• TASK PROMPT:
Every line below from the one with "Bedroom featuring wood" through the one with "Un espace de" is to be repeated exactly, with no picture among them.

• ENTRIES PROVIDED:

□ □ □ □ □

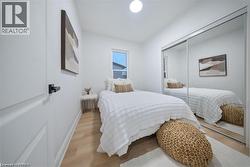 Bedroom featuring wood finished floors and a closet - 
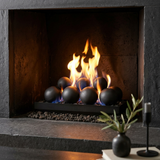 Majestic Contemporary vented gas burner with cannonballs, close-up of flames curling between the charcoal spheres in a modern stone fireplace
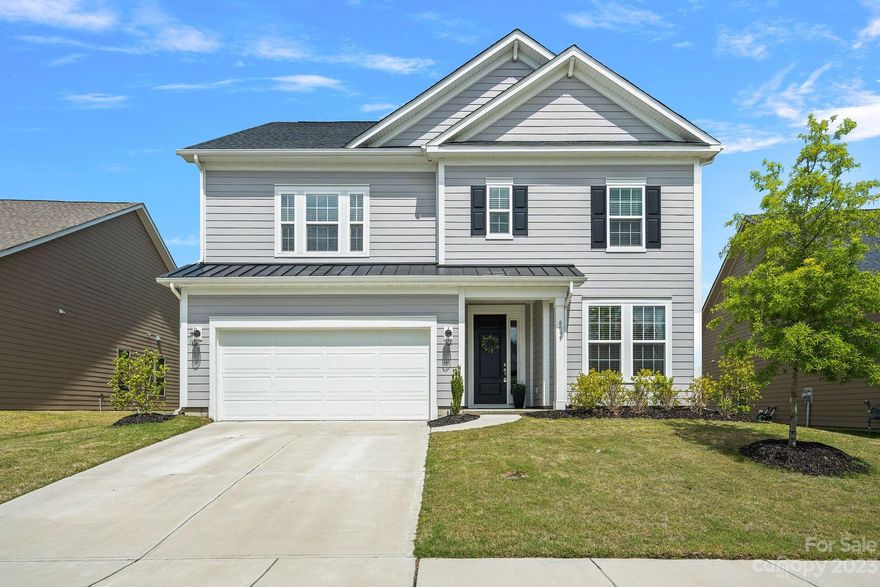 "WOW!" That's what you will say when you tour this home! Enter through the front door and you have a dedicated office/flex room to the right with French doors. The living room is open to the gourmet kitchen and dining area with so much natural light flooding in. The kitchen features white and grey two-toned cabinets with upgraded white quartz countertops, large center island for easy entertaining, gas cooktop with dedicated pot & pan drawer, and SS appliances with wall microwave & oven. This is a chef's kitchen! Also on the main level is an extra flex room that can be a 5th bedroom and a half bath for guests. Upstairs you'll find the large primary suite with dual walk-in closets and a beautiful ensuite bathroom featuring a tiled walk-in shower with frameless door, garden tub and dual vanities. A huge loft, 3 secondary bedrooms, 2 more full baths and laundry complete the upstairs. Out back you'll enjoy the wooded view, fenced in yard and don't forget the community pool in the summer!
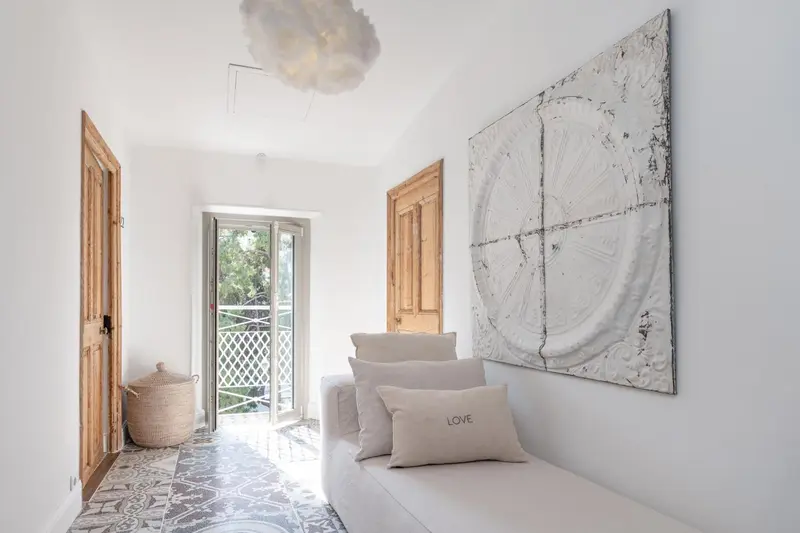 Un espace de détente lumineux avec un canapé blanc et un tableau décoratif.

□ □ □ □ □

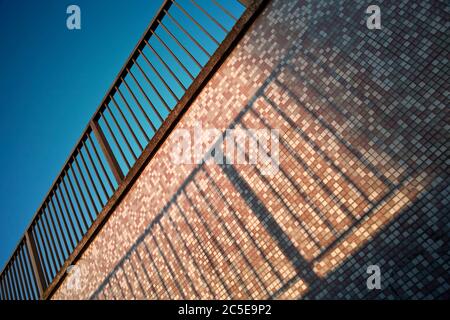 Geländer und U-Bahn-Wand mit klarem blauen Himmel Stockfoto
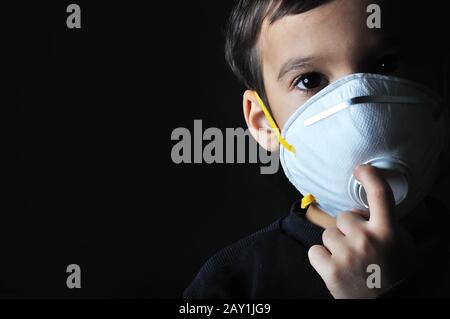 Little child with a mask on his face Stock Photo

□ □ □ □ □

• SOLUTION TO THIS EXERCISE:
 Bedroom featuring wood finished floors and a closet - 
 Majestic Contemporary vented gas burner with cannonballs, close-up of flames curling between the charcoal spheres in a modern stone fireplace
 "WOW!" That's what you will say when you tour this home! Enter through the front door and you have a dedicated office/flex room to the right with French doors. The living room is open to the gourmet kitchen and dining area with so much natural light flooding in. The kitchen features white and grey two-toned cabinets with upgraded white quartz countertops, large center island for easy entertaining, gas cooktop with dedicated pot & pan drawer, and SS appliances with wall microwave & oven. This is a chef's kitchen! Also on the main level is an extra flex room that can be a 5th bedroom and a half bath for guests. Upstairs you'll find the large primary suite with dual walk-in closets and a beautiful ensuite bathroom featuring a tiled walk-in shower with frameless door, garden tub and dual vanities. A huge loft, 3 secondary bedrooms, 2 more full baths and laundry complete the upstairs. Out back you'll enjoy the wooded view, fenced in yard and don't forget the community pool in the summer!
 Un espace de détente lumineux avec un canapé blanc et un tableau décoratif.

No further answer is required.